Hopefully, Deadpool himself won’t slash his way out of this comic and come after me.
Why am I reviewing this comic, you’re probably wondering? Well, as an X-Men fan, I need to read anything with an IVX banner. That’s Comics 101 – you must read every tie-in. At least, that’s what publishers want you to believe. Also, from a talent standpoint, it’s written by Cullen Bunn, whose Uncanny X-Men #17 was my favorite book released last week.
So is Deadpool & The Mercs for Money #7 required reading for anyone buying Inhumans Vs. X-Men? I’m sorry to say it isn’t. While some of Bunn and artist Iban Coello’s story is set in the present day, the bulk of the issue takes place in yet another dystopian future. Look, I know Hasbro has action figures to make, but how many times do we need to see dark, alternate versions of the X-Men?

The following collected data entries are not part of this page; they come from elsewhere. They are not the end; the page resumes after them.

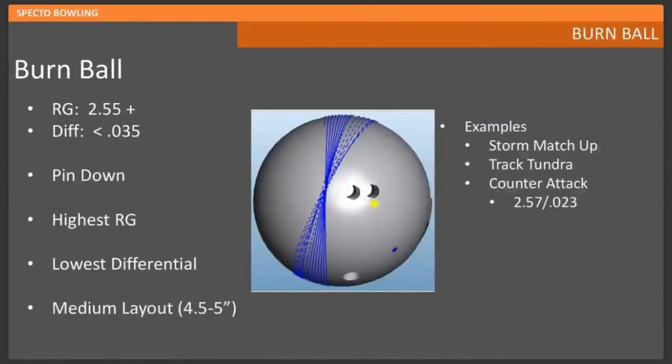The burn ball is definitely a high RG — more than 2.55 — and a low diff, less than 0.035, always with a pin-down layout. It will be your highest RG and lowest differential in your bag. Just because it's your weakest ball, don't think it needs to be your weakest layout too. Weaker-type cores with stronger layouts are actually preferred — it gives a very controllable, controllable reaction that allows you to play the shim effectively in the burned-out part of the lane.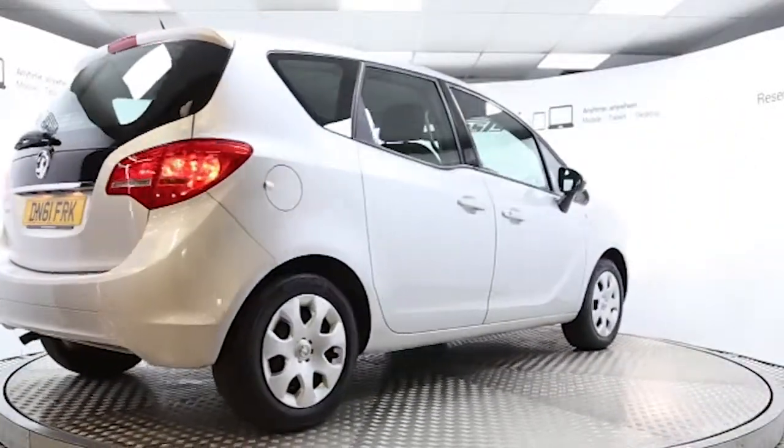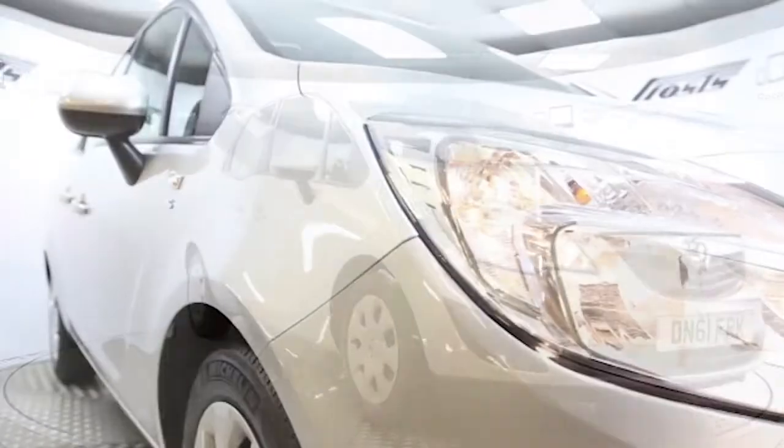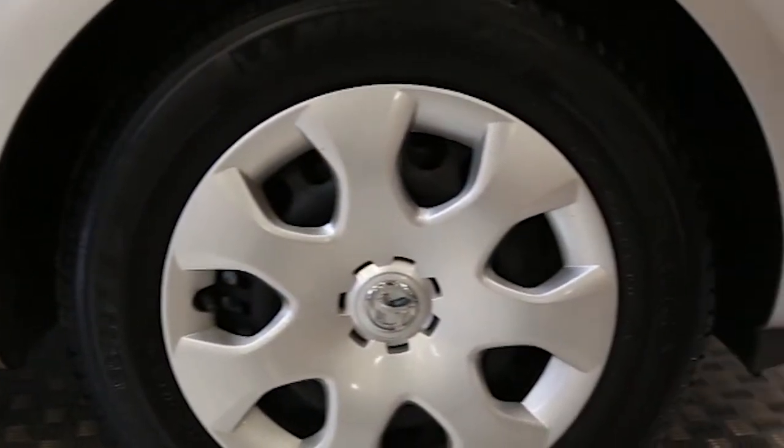Here we have a 2011 registered 5 door Vauxhall Meriva S with a 1.4 litre manual transmission petrol engine. The car is finished in star silver and has done just over 12,000 miles.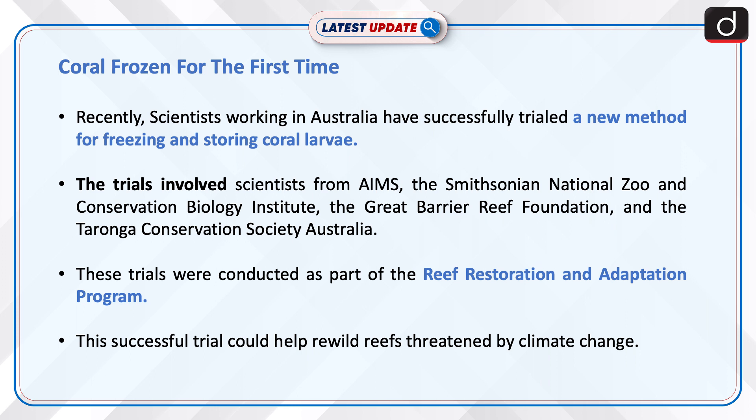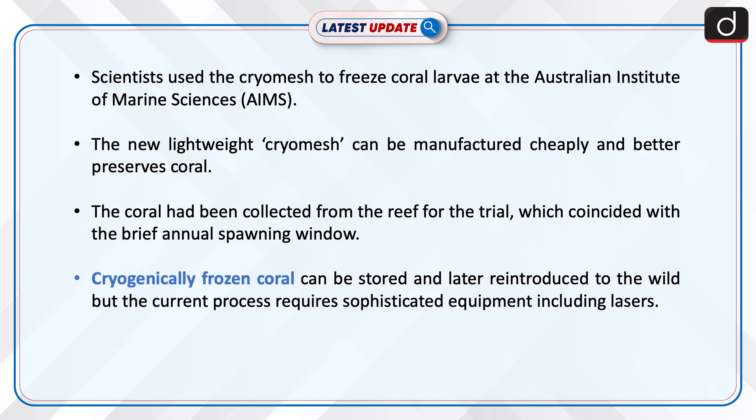This successful trial could help re-wild reefs threatened by climate change. Scientists used the cryo-mesh to freeze coral larvae at the Australian Institute of Marine Sciences (AIMS). The new lightweight cryo-mesh can be manufactured cheaply and better preserves coral. The coral had been collected from the reef for the trial, which coincided with a brief annual spawning window. Cryogenically frozen coral can be stored and later re-introduced to the wild, but the current process requires sophisticated equipment including lasers.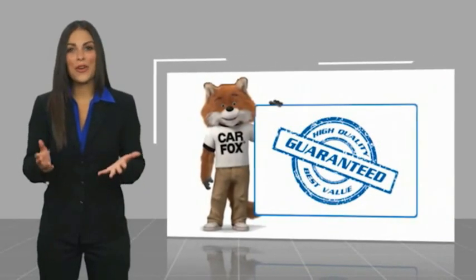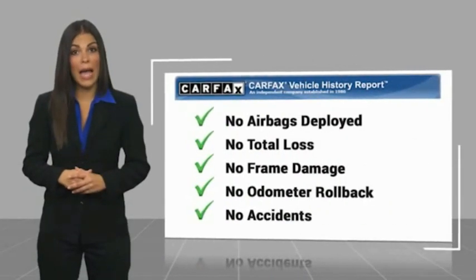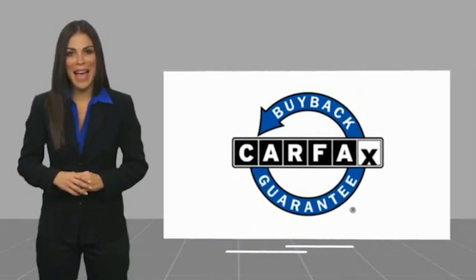Here's another high quality vehicle with a Carfax vehicle history report. Be sure to find a complimentary copy of this report online or contact the dealership. This vehicle qualifies for the Carfax buyback guarantee.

The issue begins five years in the future, with the Mercs on two missions: Protect others from the Terrigen Mists and find Negasonic Teenage Warhead. It’s not long before Deadpool, Domino and the rest of the gang start to battle a group of Inhumans – you know, because it’s an IVX tie-in.
Part of my problem with Deadpool as a character is his immaturity. Poop jokes never really did it for me, so hearing Deadpool talk about how Hit-Monkey will need to be outfitted with another robotic poop-flinger doesn’t do much for me. Poop and groin jokes aside, Bunn does manage to slip in some good lines here and there, helping characters like Machine Man and Gorilla-Man stand out in Wade’s world.
Fortunately, Coello’s art is nowhere near as offensive as Deadpool’s jokes and is right at home in a comedic superhero book. His smooth pencils reminded me of the work of Paco Medina, who also spent some time illustrating Deadpool’s adventures.
I’m clearly not the target audience for this series, which in my eyes, just continues to overexpose Deadpool, Wolverine-style (and look what happened to him – he’s dead). Storywise, this is the type of event tie-in that really doesn’t need to exist, in my opinion. Deadpool & The Mercs for Money could have continued with their regular adventures without wading into the X-Men’s battle (pun intended) and revisiting the tired, dark-future concept.